::: Provided information
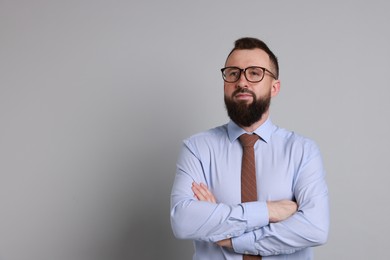 Photo of Handsome bearded man in formal outfit on grey background. Space for text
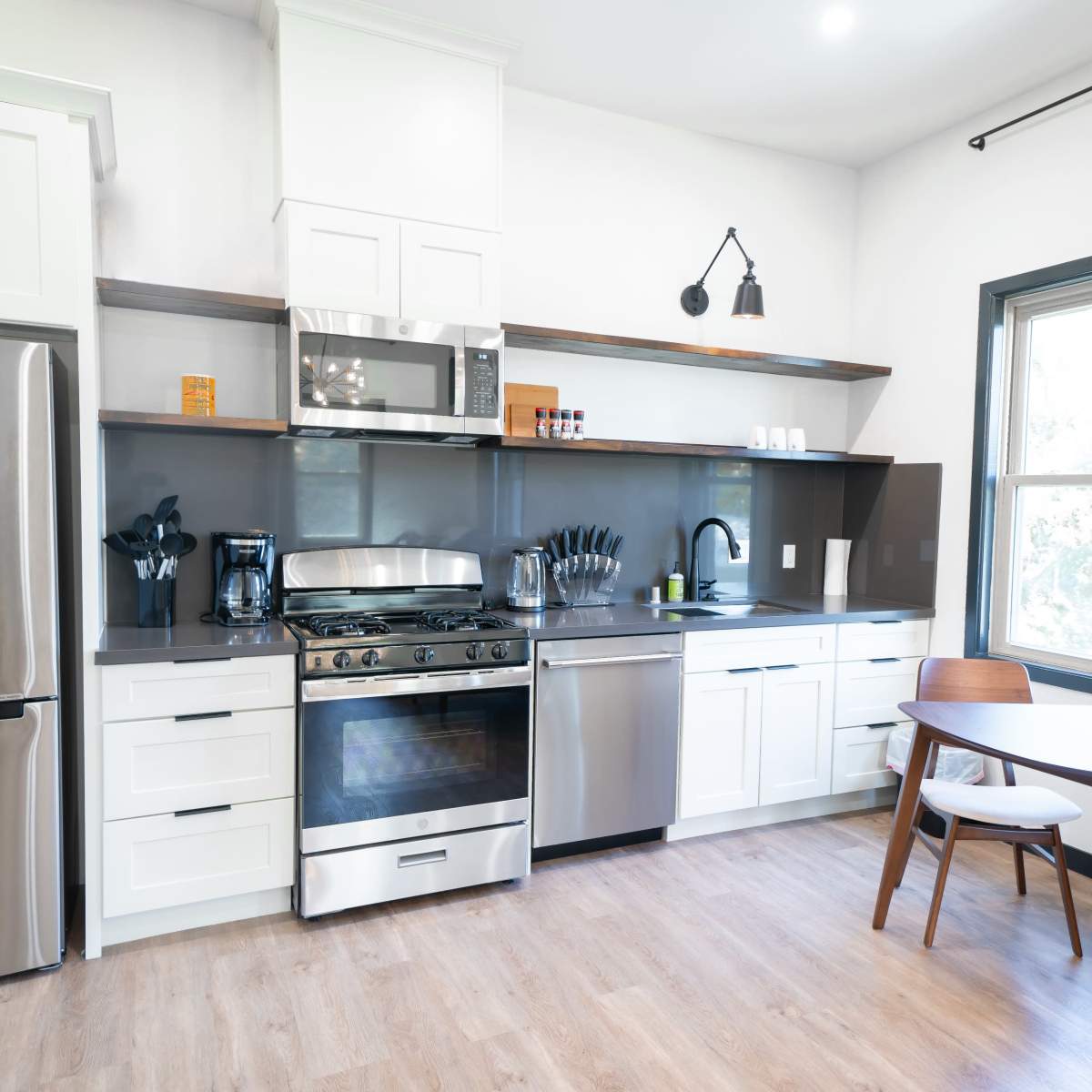 A modern kitchen with stainless steel appliances, white cabinetry, and a circular wooden dining table with two chairs.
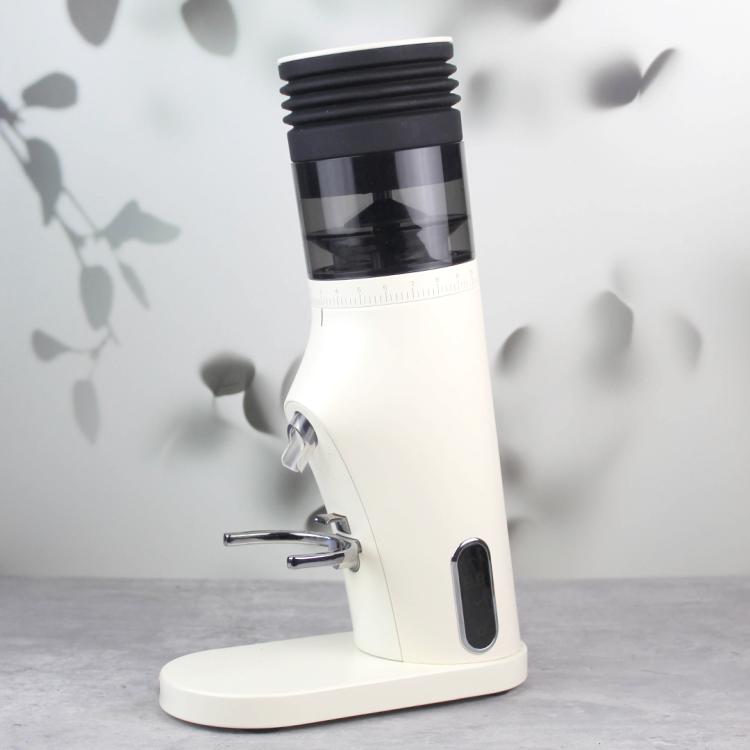Coffee grinder with fitted black ribbed blowing hopper and clear outlet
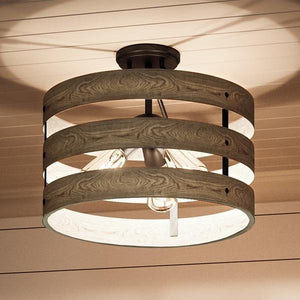 Close-up of the UHP2470 Modern Farmhouse Flush-Mount Ceiling Fixture from Urban Ambiance’s Adelaide Collection—measuring 13-1/2″ high by 17″ wide, with exposed bulbs encircled by three horizontal wooden bands in a charcoal finish, mounted on a white paneled ceiling.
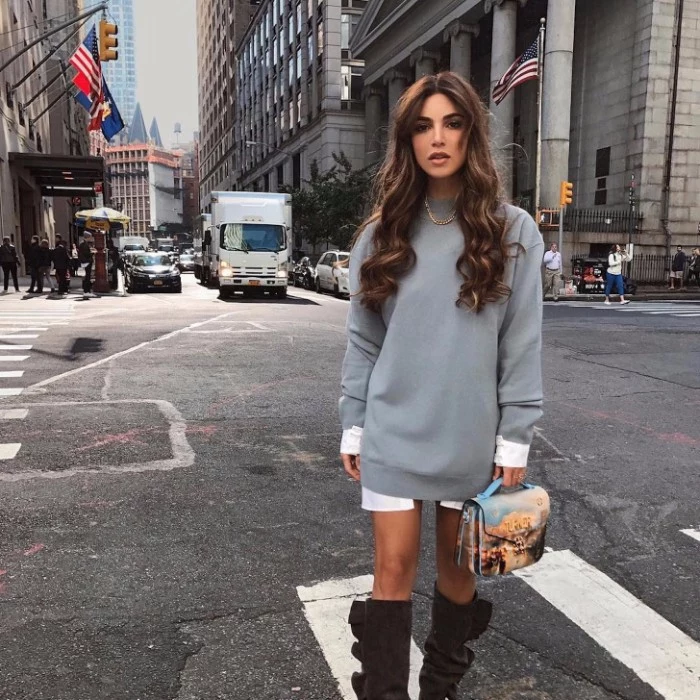 baggy and long, pale grey jumper, over an oversized white shirt, thanksgiving outfits for women, brunette woman with long hair, wearind tall suede, dark brown boots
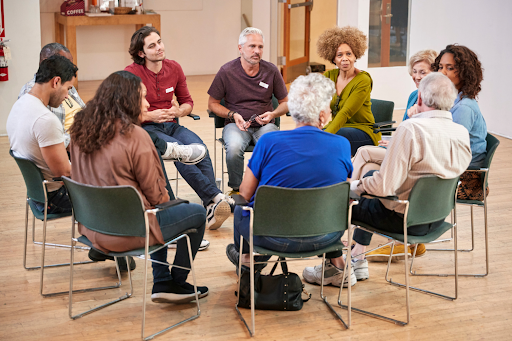 Gruppe von Senioren in Gesprächsrunde, die die Bedeutung von Gemeinschaft bei COPD zeigt.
::::::
Task brief:
Only the records themselves, retyped exactly, belong in the answer; please leave all images behind.

Expected answer:
 Photo of Handsome bearded man in formal outfit on grey background. Space for text
 A modern kitchen with stainless steel appliances, white cabinetry, and a circular wooden dining table with two chairs.
Coffee grinder with fitted black ribbed blowing hopper and clear outlet
 Close-up of the UHP2470 Modern Farmhouse Flush-Mount Ceiling Fixture from Urban Ambiance’s Adelaide Collection—measuring 13-1/2″ high by 17″ wide, with exposed bulbs encircled by three horizontal wooden bands in a charcoal finish, mounted on a white paneled ceiling.
 baggy and long, pale grey jumper, over an oversized white shirt, thanksgiving outfits for women, brunette woman with long hair, wearind tall suede, dark brown boots
 Gruppe von Senioren in Gesprächsrunde, die die Bedeutung von Gemeinschaft bei COPD zeigt.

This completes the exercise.